Love For Sale Exhibit Poster
MassBay history professor and "Love For Sale" curator Jill Silos-Rooney
Wellesley, MA (March 31, 2017) – When the Museum at Bethel Woods Center for the Arts, located at the site of the original Woodstock concert in 1969, reopens this weekend, its featured exhibit, “Love For Sale: The Commercialization of the Counterculture,” will showcase the curation work of MassBay’s associate professor history Jill Silos-Rooney, who served as the museum’s 2017 Guest Curator.
The exhibit examines the commercialization of the Counterculture during the late 1960’s and the 1970’s. Featuring the extensive collection and memorabilia of Michael Stern, the exhibit looks at the influence of the Counterculture on popular culture and commercialism in the United States.
Dr. Silos-Rooney earned her Ph.D. in History from the University of New Hampshire, Master of Arts in History from the University of Colorado, and her Bachelor of Arts degree from the University of Connecticut.
It opens April 1 and will run until the end of the year. In addition, Dr. Silos-Rooney, along with pop culture collector Michael Stern, whose collection is featured in the exhibit will take part in open day WoodsTalk Live, a fireside chat, at 4 p.m. at the museum.
More information about the exhibit is available here.
How did this opportunity to curate this exhibit at Bethel Woods arise?
Jill Silos-Rooney: One of my graduate school colleagues, who is the Curator for the Theodore Roosevelt Inaugural Site in Buffalo, N.Y., told me that the Bethel Woods Center for the Arts was looking for a Guest Curator for an exhibit on the counterculture. She knew that I had written my doctoral dissertation, and my forthcoming book on the counterculture. The Bethel Woods Center is on the location of the famous 1969 Woodstock concert and has a museum and performing arts venue. She thought I would be interested in the opportunity. She was right!
Have you curated museum exhibits before?
Dr.

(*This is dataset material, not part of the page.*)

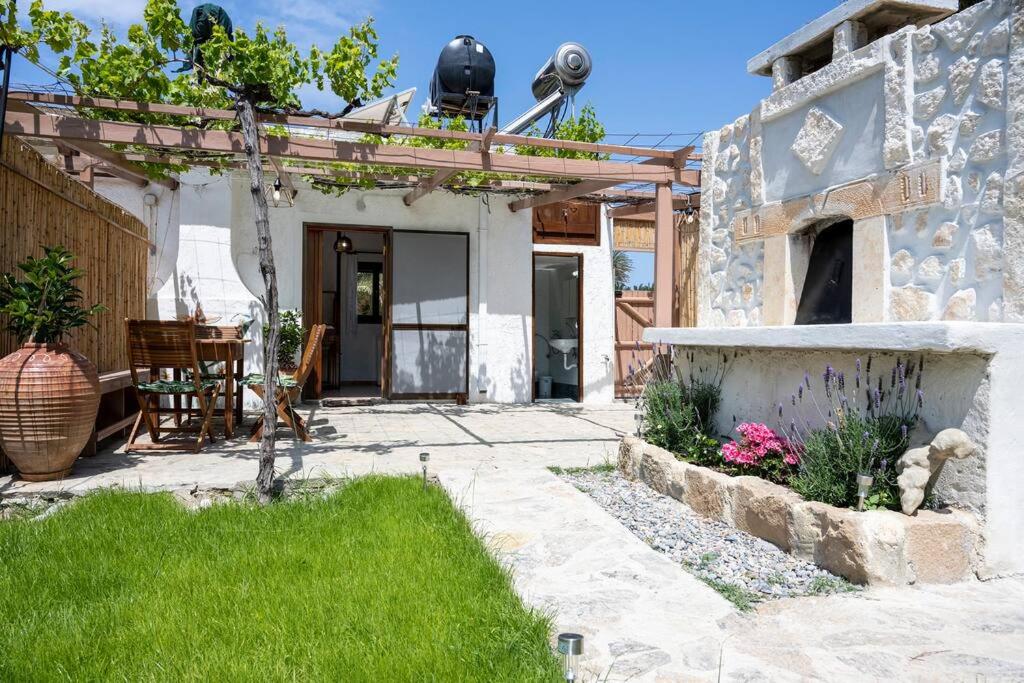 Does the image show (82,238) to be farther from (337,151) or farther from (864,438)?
(864,438)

Silos-Rooney: This is my first exhibit. In the past, I trained docents at Strawbery Banke Museum in Portsmouth, NH, and ran a history program for the New Hampshire Humanities division, so I am familiar with museum needs.

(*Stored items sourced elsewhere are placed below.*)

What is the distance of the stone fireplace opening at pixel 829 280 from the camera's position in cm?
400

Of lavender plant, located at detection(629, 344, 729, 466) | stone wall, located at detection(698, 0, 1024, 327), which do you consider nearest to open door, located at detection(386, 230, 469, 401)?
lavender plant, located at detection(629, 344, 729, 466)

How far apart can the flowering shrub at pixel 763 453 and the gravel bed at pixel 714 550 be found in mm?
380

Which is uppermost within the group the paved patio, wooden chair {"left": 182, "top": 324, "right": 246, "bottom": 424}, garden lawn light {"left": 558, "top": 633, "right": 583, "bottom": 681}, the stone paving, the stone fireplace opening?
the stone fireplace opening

What are some of the notable pieces featured in this particular exhibit?
Dr. Silos-Rooney: The exhibit features the collection of Michael Stern, a private collector from Atlanta, GA. Mr. Stern has amassed a large number of rare Beatles memorabilia (including one of John Lennon's own denim caps) as well as everyday objects influenced by the counterculture. Rather than simply place these items in museum cases, I wanted to create an immersive experience in which visitors could see how the counterculture influenced daily life. To do this, we placed the items in a reconstruction of an average American home, circa 1970.
Though hippies rejected materialism, corporations and manufacturers seized on counterculture themes in order to sell products. Peace signs and psychedelic colors became part of household decor, and you can see them in our reproductions of a middle-class living room, dining area, and bedrooms for a teenage boy and teenage girl.
Mr. Stern also has a substantial collection of vintage black light posters from the 1960s and early 1970s, and we placed them all in a special dark room with the appropriate lighting to make the posters glow. It's a very fun room.